*Exercise details*
Reproduce only the lines of the material below that start at the line containing "Set sample volume" and stop at the line containing "Hi everyone, in". Keep both end lines.

*Data to process*
————————
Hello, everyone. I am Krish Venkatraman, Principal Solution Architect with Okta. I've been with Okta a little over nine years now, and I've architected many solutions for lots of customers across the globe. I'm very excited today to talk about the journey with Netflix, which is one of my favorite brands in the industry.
————————
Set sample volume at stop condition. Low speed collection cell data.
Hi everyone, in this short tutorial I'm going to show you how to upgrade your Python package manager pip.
————————
*Response to this exercise*
Set sample volume at stop condition. Low speed collection cell data.
Hi everyone, in this short tutorial I'm going to show you how to upgrade your Python package manager pip.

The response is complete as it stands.